Maud met Garth in the mid-1970s, just after The Band's "Last Waltz" concert in San Francisco. "I was recording with Hirth Martinez in Hollywood, his Hirth From Earth album, and Robbie (Robertson) was producing and Garth was playing on it," she said while Garth slipped outside in the cold for a puff on his ever-present pipe. "Hirth and his wife said I should stay for dinner with Garth, so I stayed and I couldn't get him out of my mind. I fell in love with him before I even knew what he played (with The Band)."
The couple married in January 1979. Of their 25 years of marriage, Maud said that one of the things that had kept them together was that "we're both old-fashioned." And they're both musical. Maud is an accomplished musician in her own right. "I toured with (blues guitarist) Albert Collins and recorded and toured with Jeff Muldaur and Canadian Mary Margaret O'Hara, as well as The Band and Dr. John."
The two continue to keep busy, traversing North America recording and playing on a variety of diverse projects.

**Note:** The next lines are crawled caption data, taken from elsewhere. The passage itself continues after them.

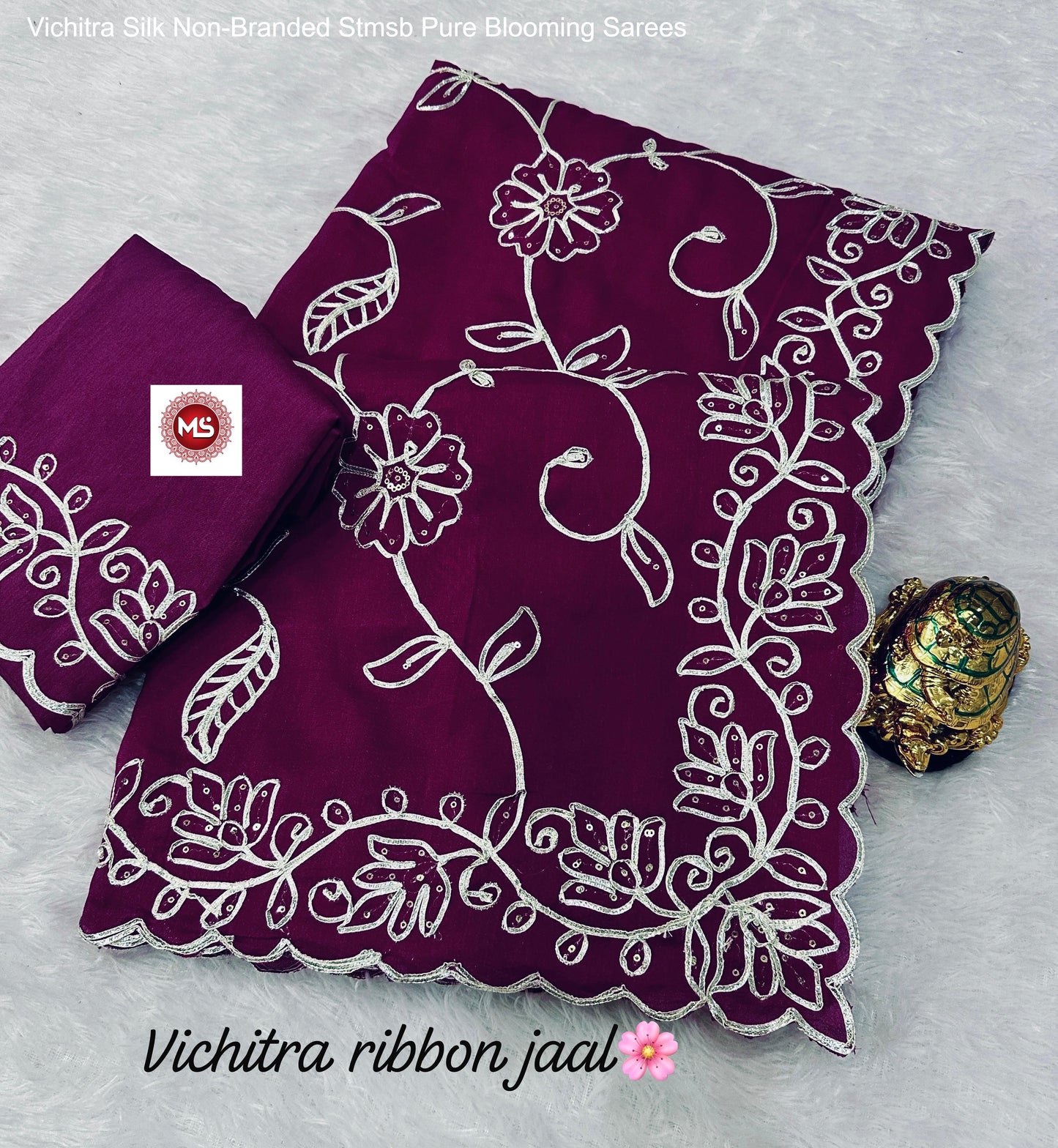 Vichitra Silk Non-Branded Stmsb Pure Blooming Sarees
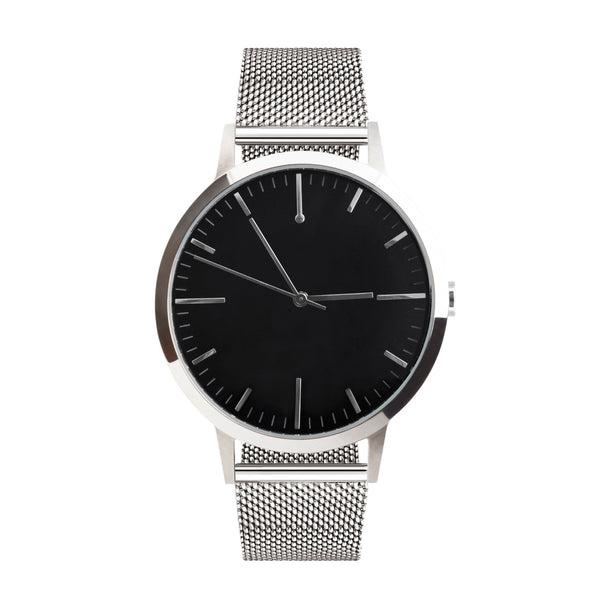 40mm Mens Silver Watch with Black dial - Silver Milanese Mesh strap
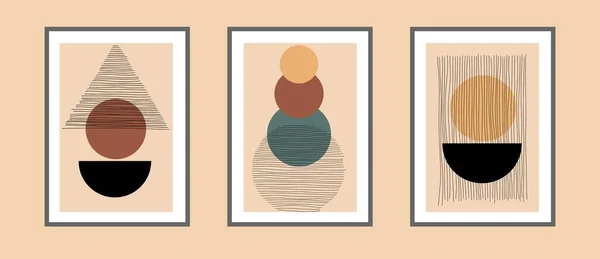  Soyut estetik minimalist sanatsal el kompozisyonu seti
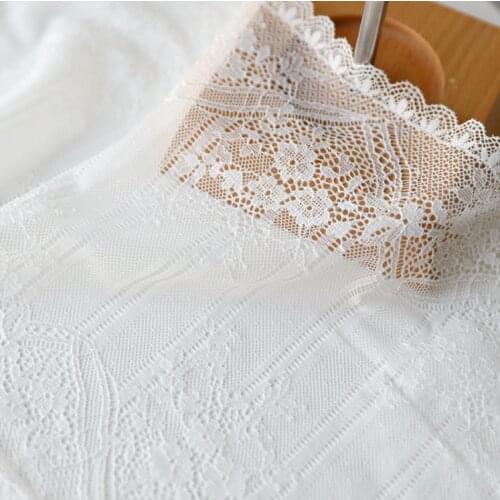 1 Meter 19cm Width High Quality Burgundy Lace Ribbon Elastic Spandex Embroidery Lace Trim Fabric for Underwear Decoration Sewing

For those who appreciate Garth's keyboard wizardry and Maud's vocals (that range from sultry toblues shouting), keep your eyes peeled for new albums by jazz vocalist Norah Jones, the Gypsy Kings, Los Lobos, Burrito Deluxe and ethereal modern country singer Neko Case.
Besides playing with these diverse artists from across the generations, Garth likes to listen to modern groups "that use keyboards well. Wilco is a band I like," he said. "They seem to have more variety in their sounds. They have a sound like a bowed saw that must come from a synth."
Next year will be a watershed of sorts for the Hudsons, as they will have three new CDs in release. A boxed set of The Band will be appearing in stores, with archived material from Garth and the other surviving Band members, Robbie Robertson and Levon Helm. "Some of it's never been heard before," Maud noted.
Will Garth, Robbie and Levon be getting back together to either tour or record new songs for the boxed set? "No," Maud replied. However, she said that rumours of feuding between Robbie and the others are old news and were greatly exaggerated. Their work together on the boxed set is proof of that, she suggested.
Other People's Music, a Canadian label, will be releasing a boxed set of the pre-Band music of Levon and The Hawks in 2005.
And finally, on February 15, the Hudsons will be holding a LIVE at the WOLF CD release party of their 2002 Wolf Performance Hall gig that opened London, Ontario's new library and performing arts centre. Garth grew up in London.
"Our current shows were borne that night," said Maud of the performance that featured her on vocals and Garth on grand piano. "Now we bring on musicians we like playing with. We were glad to have Paul as our guitarist tonight."
As we all packed into our cars sometime after 2 a.m. Thursday morning, the Hudsons to head back to their hotel in Orillia and me to my Barrie abode, Paul Rigby probably described his bandleaders best. "It's nice to know they're as good as people as the music they make."